> _PROBLEM DETAILS_: Below are records with pictures. Reproduce exactly the lines from the line with "COUNTY GREEN - Residential" to the line with "Snapshot of thomyafar", inclusive, and leave each picture out.

> _INFORMATION GIVEN_:
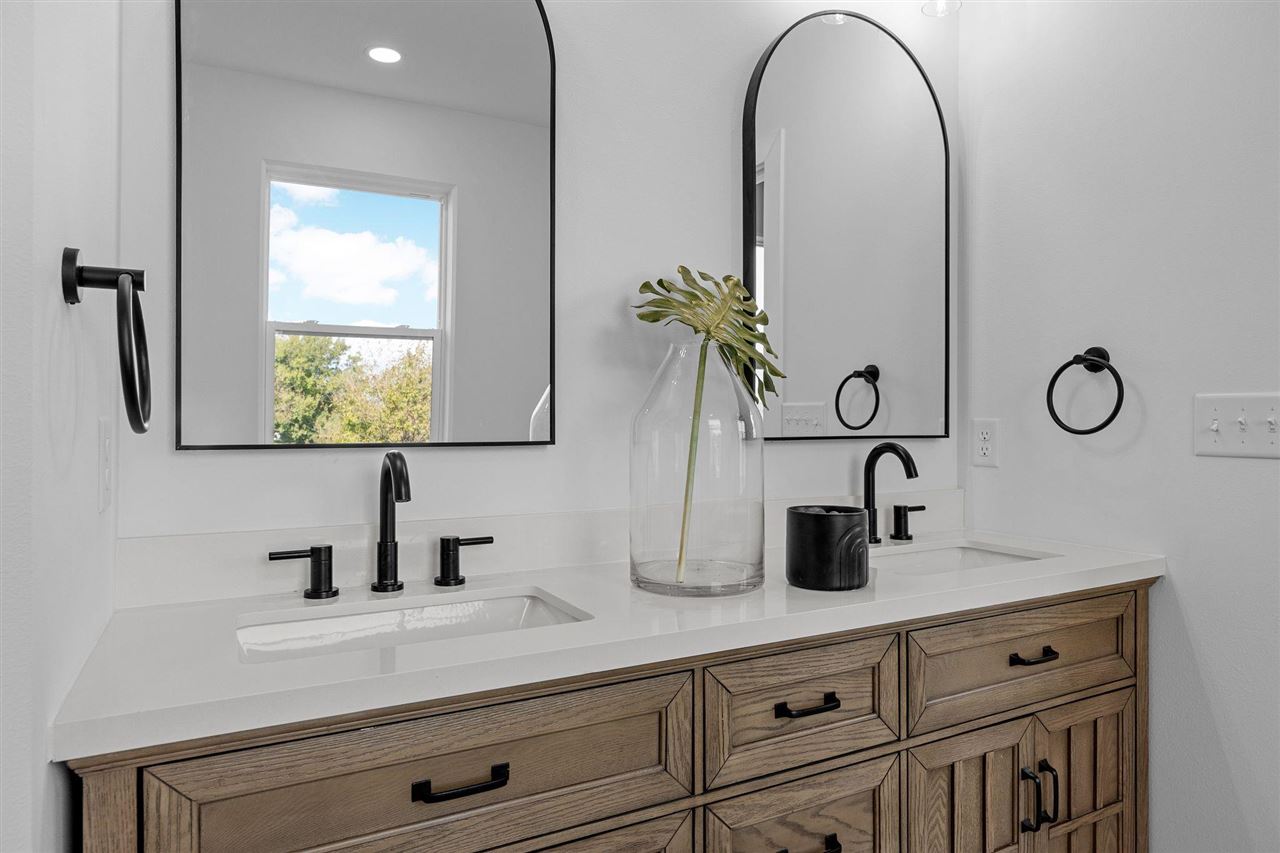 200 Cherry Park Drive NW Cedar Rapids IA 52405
...
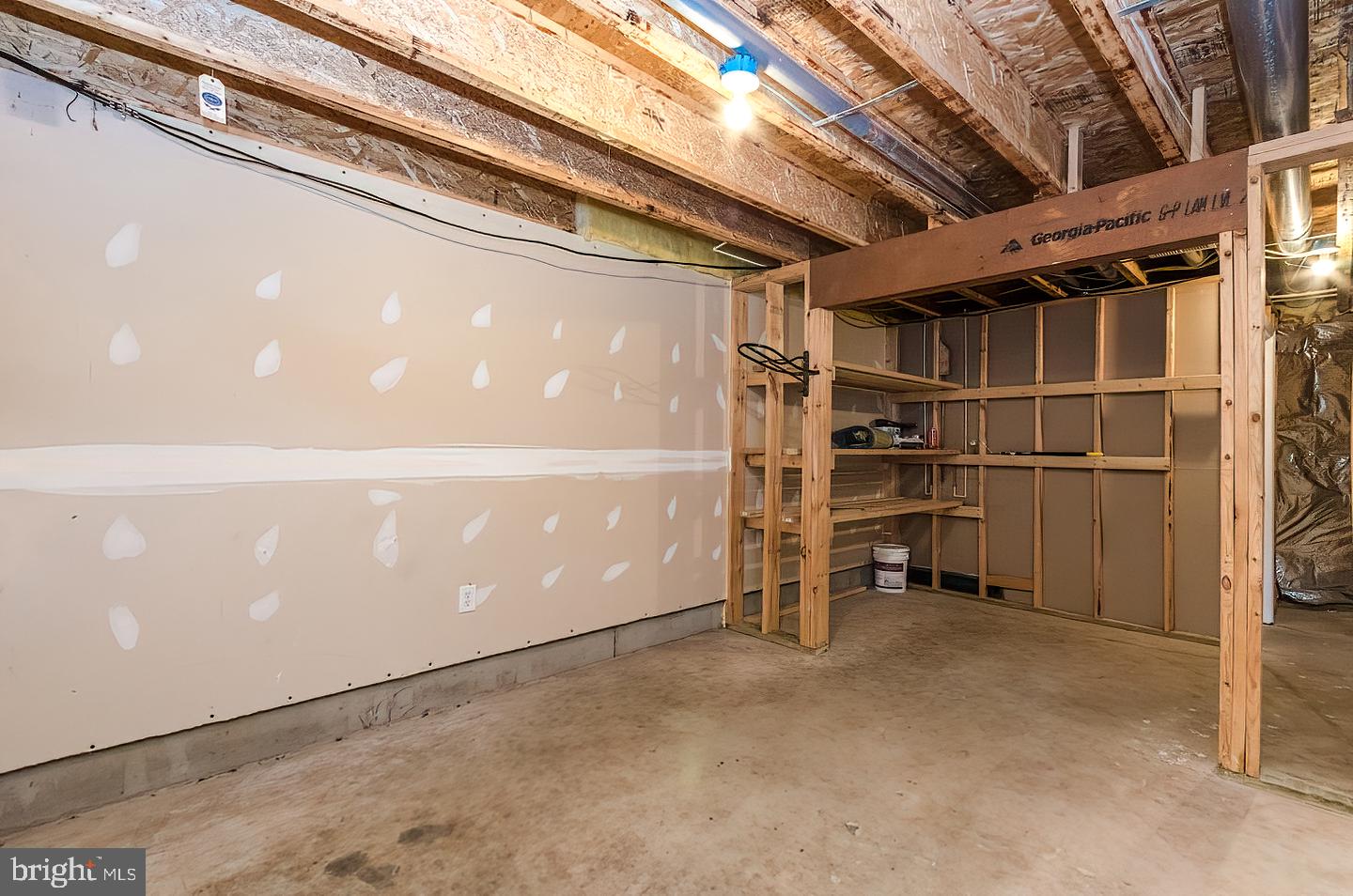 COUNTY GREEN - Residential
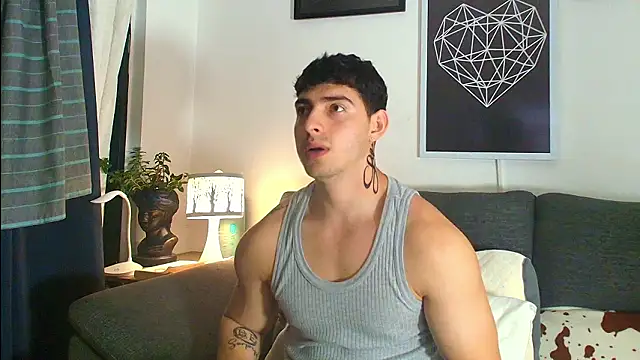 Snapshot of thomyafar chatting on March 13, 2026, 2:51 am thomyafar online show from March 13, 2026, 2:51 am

> _WRITTEN REPLY_:
 COUNTY GREEN - Residential
 Snapshot of thomyafar chatting on March 13, 2026, 2:51 am thomyafar online show from March 13, 2026, 2:51 am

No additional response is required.